What needs to be done → All that should come back is the lines of the data below from the one containing "Chandelier Earrings in Rose Gold Plating" to the one containing "Dachshund, Smooth haired", inclusive, exactly as they stand.

### Listed records

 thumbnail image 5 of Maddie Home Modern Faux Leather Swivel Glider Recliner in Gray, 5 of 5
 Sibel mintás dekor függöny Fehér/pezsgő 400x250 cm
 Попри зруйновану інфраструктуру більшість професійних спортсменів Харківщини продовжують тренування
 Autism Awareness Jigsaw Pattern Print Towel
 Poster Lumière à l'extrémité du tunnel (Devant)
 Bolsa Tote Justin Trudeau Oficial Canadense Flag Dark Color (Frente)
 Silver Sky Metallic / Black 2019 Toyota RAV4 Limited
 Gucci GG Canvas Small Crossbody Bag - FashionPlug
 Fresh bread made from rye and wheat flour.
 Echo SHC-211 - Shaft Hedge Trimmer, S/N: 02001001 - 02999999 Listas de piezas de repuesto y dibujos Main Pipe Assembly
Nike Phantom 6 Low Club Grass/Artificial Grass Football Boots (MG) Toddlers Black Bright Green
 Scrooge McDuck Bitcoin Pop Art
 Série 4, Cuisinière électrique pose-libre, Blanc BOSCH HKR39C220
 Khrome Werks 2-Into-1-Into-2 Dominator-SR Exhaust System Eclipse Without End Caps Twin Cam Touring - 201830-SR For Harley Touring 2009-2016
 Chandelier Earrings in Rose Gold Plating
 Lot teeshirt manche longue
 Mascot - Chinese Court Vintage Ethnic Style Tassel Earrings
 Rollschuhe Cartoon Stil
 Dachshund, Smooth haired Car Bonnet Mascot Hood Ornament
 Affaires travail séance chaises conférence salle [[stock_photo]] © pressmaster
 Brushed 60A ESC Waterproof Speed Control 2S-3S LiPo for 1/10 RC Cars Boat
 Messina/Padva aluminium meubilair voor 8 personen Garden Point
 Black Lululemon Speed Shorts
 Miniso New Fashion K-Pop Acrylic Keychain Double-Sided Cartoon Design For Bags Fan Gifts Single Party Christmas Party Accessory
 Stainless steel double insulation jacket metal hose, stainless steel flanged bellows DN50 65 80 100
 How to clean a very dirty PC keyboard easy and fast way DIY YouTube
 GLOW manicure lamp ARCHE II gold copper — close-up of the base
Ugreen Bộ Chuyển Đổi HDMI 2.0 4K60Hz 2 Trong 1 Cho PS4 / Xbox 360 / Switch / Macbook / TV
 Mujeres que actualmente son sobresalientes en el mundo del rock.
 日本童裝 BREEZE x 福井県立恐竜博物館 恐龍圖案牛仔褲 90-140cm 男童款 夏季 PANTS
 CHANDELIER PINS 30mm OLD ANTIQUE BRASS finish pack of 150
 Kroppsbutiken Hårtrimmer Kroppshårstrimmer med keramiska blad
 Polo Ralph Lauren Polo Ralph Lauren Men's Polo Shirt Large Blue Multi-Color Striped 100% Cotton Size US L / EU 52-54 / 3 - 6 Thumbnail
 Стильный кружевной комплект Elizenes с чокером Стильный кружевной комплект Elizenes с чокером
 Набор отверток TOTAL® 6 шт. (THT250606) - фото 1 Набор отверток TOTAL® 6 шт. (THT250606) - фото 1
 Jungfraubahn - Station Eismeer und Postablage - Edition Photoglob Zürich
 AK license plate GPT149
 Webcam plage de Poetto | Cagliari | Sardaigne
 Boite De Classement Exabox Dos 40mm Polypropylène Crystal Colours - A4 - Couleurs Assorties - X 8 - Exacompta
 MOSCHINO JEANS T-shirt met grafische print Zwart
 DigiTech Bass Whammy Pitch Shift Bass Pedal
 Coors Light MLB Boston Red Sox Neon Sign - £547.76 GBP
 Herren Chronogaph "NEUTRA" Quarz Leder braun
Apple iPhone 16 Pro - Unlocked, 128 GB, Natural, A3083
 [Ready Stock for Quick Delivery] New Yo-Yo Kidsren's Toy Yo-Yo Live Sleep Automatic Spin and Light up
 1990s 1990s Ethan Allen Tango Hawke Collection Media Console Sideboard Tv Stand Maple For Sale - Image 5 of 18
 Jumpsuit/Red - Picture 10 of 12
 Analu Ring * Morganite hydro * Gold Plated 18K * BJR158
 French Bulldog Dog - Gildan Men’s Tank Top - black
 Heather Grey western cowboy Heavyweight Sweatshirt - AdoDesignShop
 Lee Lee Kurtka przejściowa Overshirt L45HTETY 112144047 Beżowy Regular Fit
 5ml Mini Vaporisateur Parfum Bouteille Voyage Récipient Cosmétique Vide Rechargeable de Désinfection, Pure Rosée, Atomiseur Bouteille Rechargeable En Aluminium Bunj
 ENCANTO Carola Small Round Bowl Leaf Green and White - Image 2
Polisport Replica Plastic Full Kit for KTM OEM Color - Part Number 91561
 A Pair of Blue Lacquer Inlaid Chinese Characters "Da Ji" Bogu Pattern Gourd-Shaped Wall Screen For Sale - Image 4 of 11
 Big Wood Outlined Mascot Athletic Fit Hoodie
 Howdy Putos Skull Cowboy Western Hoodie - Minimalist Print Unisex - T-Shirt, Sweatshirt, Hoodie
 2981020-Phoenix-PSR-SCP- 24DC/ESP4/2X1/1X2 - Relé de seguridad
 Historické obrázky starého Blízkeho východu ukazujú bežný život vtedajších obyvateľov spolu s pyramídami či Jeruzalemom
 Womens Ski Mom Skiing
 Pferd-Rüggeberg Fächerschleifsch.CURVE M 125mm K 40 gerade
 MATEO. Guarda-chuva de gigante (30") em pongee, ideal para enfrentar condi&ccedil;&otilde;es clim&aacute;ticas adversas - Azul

######

Answer box →
 Chandelier Earrings in Rose Gold Plating
 Lot teeshirt manche longue
 Mascot - Chinese Court Vintage Ethnic Style Tassel Earrings
 Rollschuhe Cartoon Stil
 Dachshund, Smooth haired Car Bonnet Mascot Hood Ornament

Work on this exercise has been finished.